ICE arrests Haitian national accused of rape of a ‘developmentally disabled person’
Federal immigration enforcement agents arrested a Haitian national who is in the country illegally after he was charged with the rape and sexual battery of a “developmentally disabled person,” according to U.S. Immigration and Customs Enforcement.
Pierre Lucard Emile, 31, was arrested by Boston Police in Dorchester last September on heinous sexual assault charges. ICE’s Enforcement and Removal Operations Boston field office states that it had lodged an immigration detainer against the Haitian citizen. However, the municipal court in Dorchester released him following his arraignment on the charges there.
“Disturbingly and despite our filing an immigration detainer, this individual was released back into the community by the criminal court,” said Todd Lyons, the field office director for the Boston ERO. “The men and women of ERO Boston continue to protect the community from those who pose a real public safety threat to our communities.”
According to an ERO statement, agents arrested him without incident in Dorchester on Jan. 9. He is in ICE custody as his local criminal case is prosecuted in the court, after which he is subject to a hearing before a federal immigration judge.

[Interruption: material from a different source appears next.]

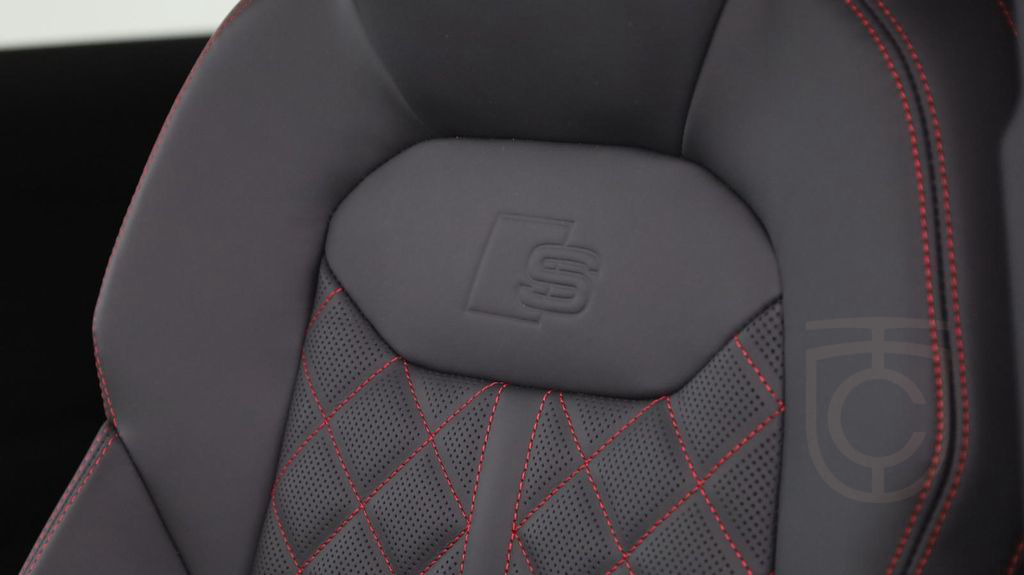 Audi SQ8 TFSI quattro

ERO was busy in the last fiscal year, as the office reports a nearly 20% increase in its arrests during fiscal year 2023, which saw a total of 170,590 arrests nationwide. Of those, the agency says 73,822 arrestees had a criminal history, averaging four charges and convictions per person.
An immigration detention database compiled and maintained by Syracuse University in New York reports that there were a total of 27,131 people in immigration detention on the final day of last year and that 66.8 of detainees have no criminal record, with more having only minor offenses on their criminal records.
The majority of ICE detention facilities are located in states on the U.S. southern border — Texas has the most detainees, with the database tracking a total of 14,070 in the current fiscal year — but every state has detention facilities that ICE contracts with to hold immigration detainees. The database shows a total of 127 facilities in Massachusetts, most of which are quite small.